By Akanimo Sampson
A seeming unrestrained push by the Miyetti Allah Cattle Breeders Association of Nigeria (MACBAN) to unleash Fulani youths as vigilantes on Eastern Nigeria, is currently causing security concern in that axis of Nigeria, the hotbed of Biafra agitation.
Worried by what they generally see as double standards by the Nigerian government under President Muhammadu Buhari’s watch since 2015, Igbo youths have been intensifying their agitation for a sovereign Republic of Biafra.
While government’s response to the undying agitation has been a military crackdown, the killer cum the kidnapping herdsmen appears to be enjoying unchallenged reign by the establishment.

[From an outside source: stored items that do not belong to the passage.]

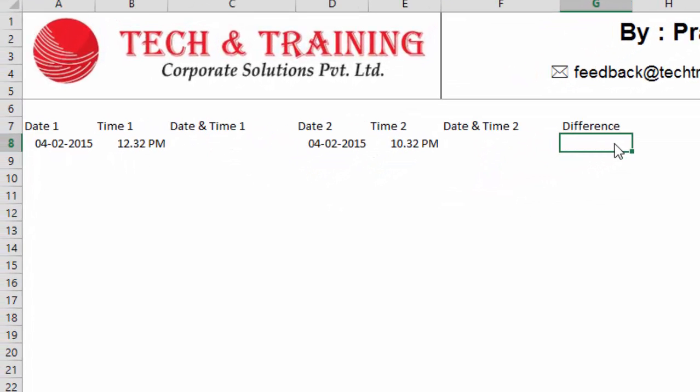Just to make you understand the data, I have written two dates and two times. That is date one, time one, and date two, time two. And I just want to find out the time difference from both the timestamps.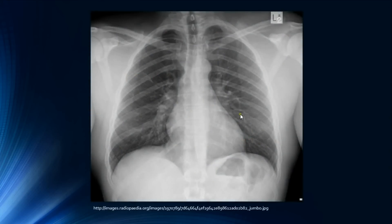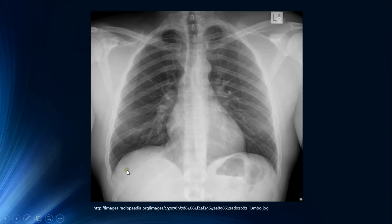Here we have a completely normal chest radiograph in the standard PA projection. We know it's a PA view because there is no label mentioned — so we assume it is PA, which is the standard — and also if you look at the scapulae, they are projected over the lateral aspects of the lungs, confirming this is a PA view.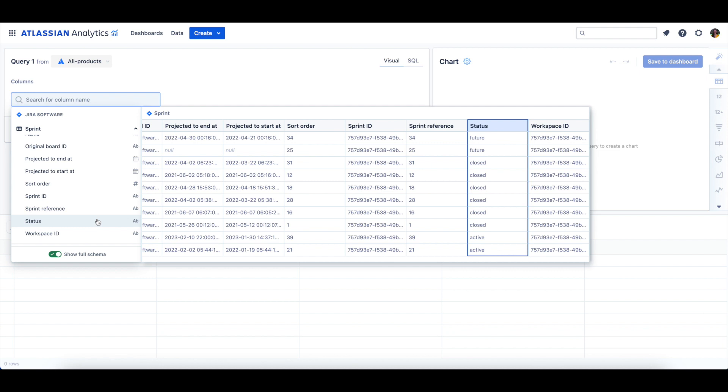or a Closed Sprint. The Workspace ID column is an Atlassian identifier of the site or sites available in the Workspace table. Now that we've taken a look at the data within the Sprint tables,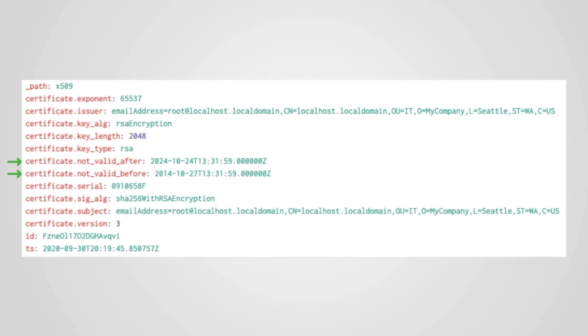However, virtually all valid certificates in production use have a more reasonable certificate validity period, ranging from a few months to a few years. Of course, exceptions exist, but they should be investigated and validated.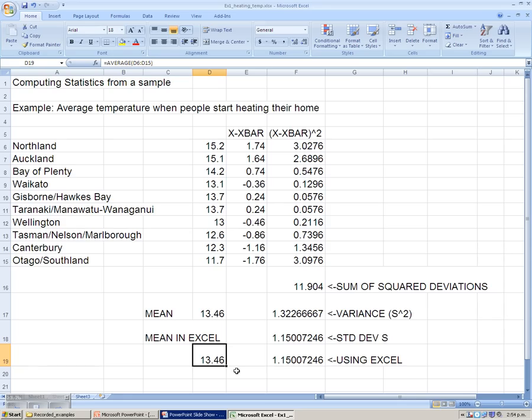This is the end of our example on using Excel to find the standard deviation.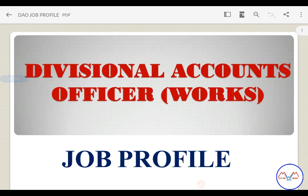Now, what is the significance of this exam? Compared to Group 1 and Group 2, there is a dilemma about this post. But this is a good and higher post, and if you have doubts about this, I will clarify them.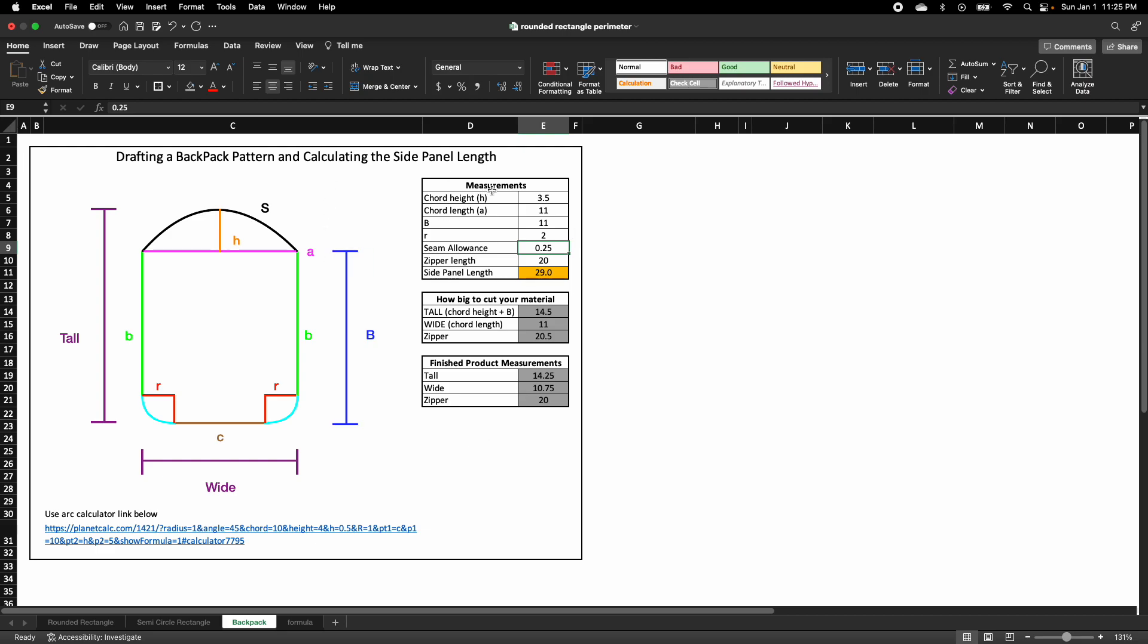So this is it. I just wanted to share with you to see how I did it. I will be posting this on my website and this spreadsheet is going to be for sale, so you can have it to help you make and draft your backpack patterns and calculate the side panels.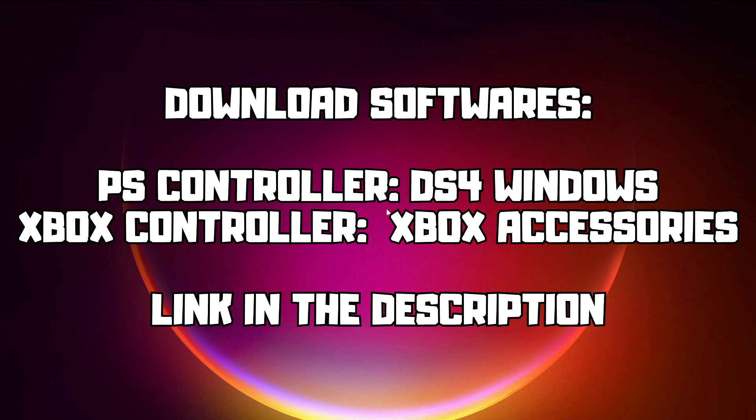If that didn't work, download software. PS controller DS4 Windows, Xbox controller Xbox Accessories. Link in the description.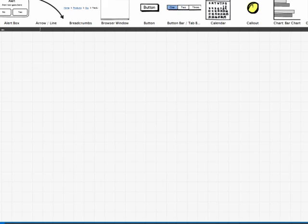Hi, this is Teresa Bennett, the Analyst Coach, and today I wanted to show you an example of a screen mock-up tool. Screen mock-ups are something that business analysts are expected to do, and before we get into that, I want to talk about the differences between a screen mock-up and screen design.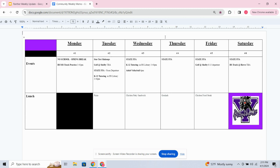On Thursday, state FFA continues. And then on Friday, state FFA and golf at Shelby. And then on Saturday, we've got FFA wrapping up as well as high school track in Havre.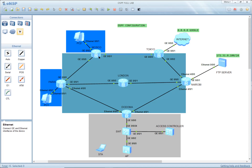Starting by defining OSPF: OSPF stands for Open Shortest Path First. This is a dynamic routing protocol. We have two types of routing protocols — dynamic and static. Static routing protocols are manually configured by the network administrator; you have to define manually the routes, next hop, and outgoing interface. The disadvantage of static routing is it doesn't adapt to topology changes.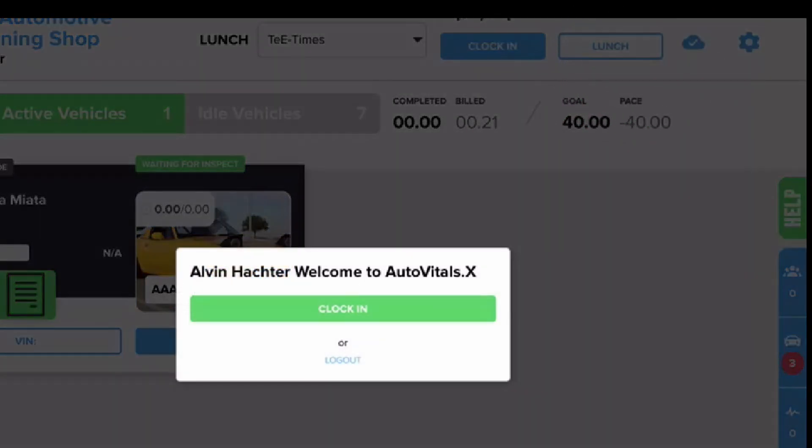My recommended habit is to plug your tablet in at the end of the day on your toolbox and have that be your reminder to clock out at the same time.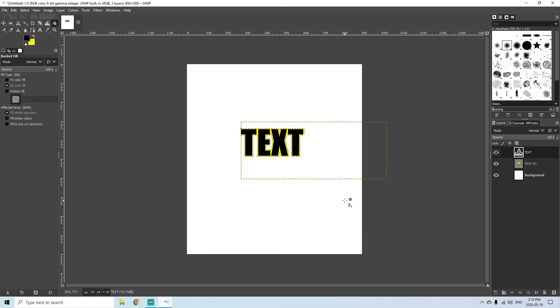So that's the easiest way to create outlines around your text in GIMP.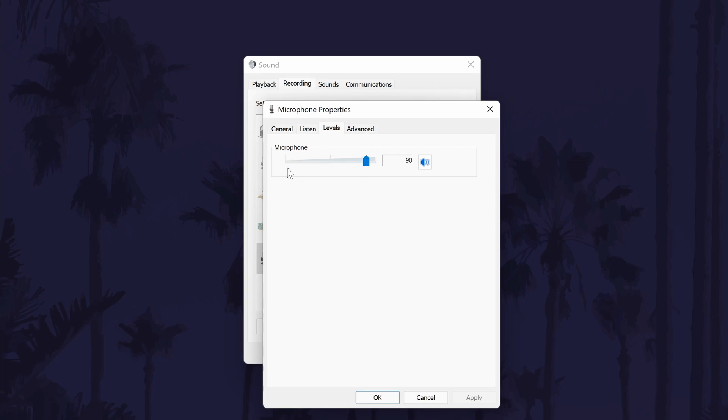The boost slider will add a boost to the audio picked up so if you want to reduce background noise, you will probably want to reduce the microphone slider to make your mic less sensitive to picking up this background noise.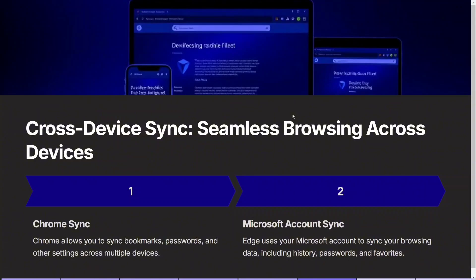Next is cross-device sync — seamless browsing across devices. Cross-device synchronization is essential for users who want a continuous browsing experience across phones, tablets, and computers. Chrome offers a sync feature that allows users to sync bookmarks, passwords, history, and even open tabs across multiple devices as long as they are signed in with their Google account. Edge provides a similar experience through Microsoft Account Sync, which enables users to sync their browsing data such as favorites, passwords, and settings across devices. This makes transitioning between devices effortless with either browser.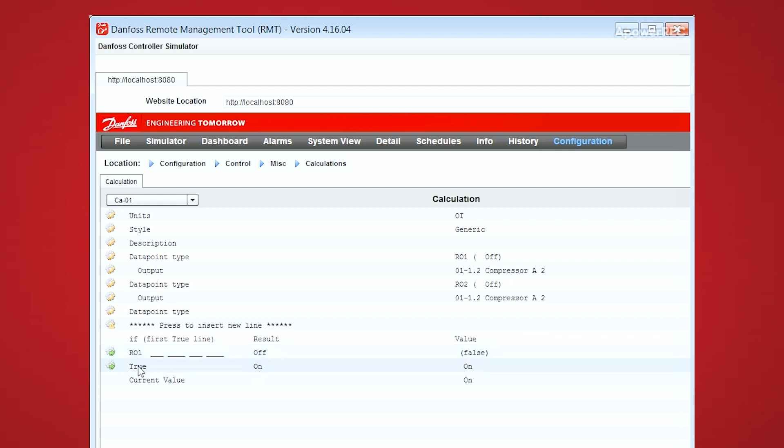And this is sort of a catch-all, or an else-if statement. So from here, the result would be on, and this calculation would default to on, if we don't have a signal from relay1.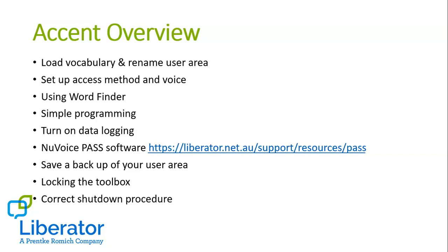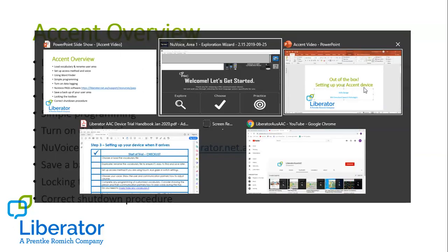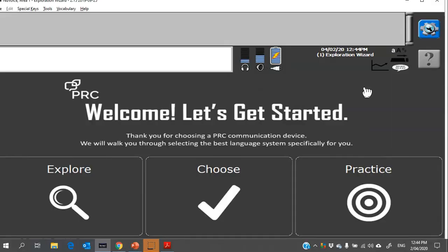Okay, so I'll just flip over now to my software. I'll be using the NuVoice PASS software on my computer today, but it looks the same as the software that you will have on the device itself. So once you turn the device on, you will need to choose and load the vocabulary that you're planning to use. If you're not sure which vocabulary you should be using, please don't hesitate to contact us.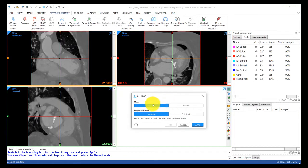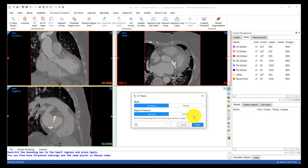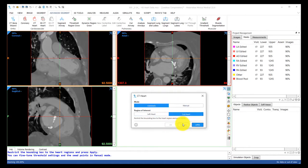You can see this tool offers an automatic method as well as a manual method, and it gives you the choice to segment the left heart or the full heart. Let's go ahead and segment the full heart using the automatic method.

Some concerned Igbo youths are, therefore, seeing the MACBAN move as a ploy to flood the habitat of Biafra with Fulani foot soldiers for the purpose of grabbing lands for their grazing colonies with a subsequent installation of emirs, to quicken their alleged Islamisation agenda
Some Igbo groups, the Alaigbo Development Foundation (ADF) and Nzuko Umunna (NU) are saying that the move by the herdsmen’s association is an open indictment on the country’s security structure.
ADF spokesman, Abia Onyike, says they are considering the latest plan by MACBAN as strange and accordingly viewing it with serious suspicion, based on alleged atrocities they have been committing in several communities in Nigeria including Eastern Nigeria where herdsmen have killed, raped women and children with impunity for several years.
Their menace has led to their categorisation as the fourth most deadly terrorist organisation in the world by the United Nations.
Consequently, the Igbo group is calling on their governors to refrain from buying into the deceptive schemes of MACBAN, “as their overall strategy has been the seizure and occupation of ancestral lands of host communities with attendant political/ religious domination of the affected communities.’’
Nzuko Umunna on its part, is warning the herdsmen group to “immediately withdraw’’ the proposal to set up Fulani Vigilantes in the Eastern bloc of Nigeria. Co-ordinator of the Igbo group, Ngozi Odumuko, and Secretary, Paschal Mbanefo, in a statement said the proposal “is not only the height of insult but a clear vote of no-confidence on the nation’s security apparatus.’’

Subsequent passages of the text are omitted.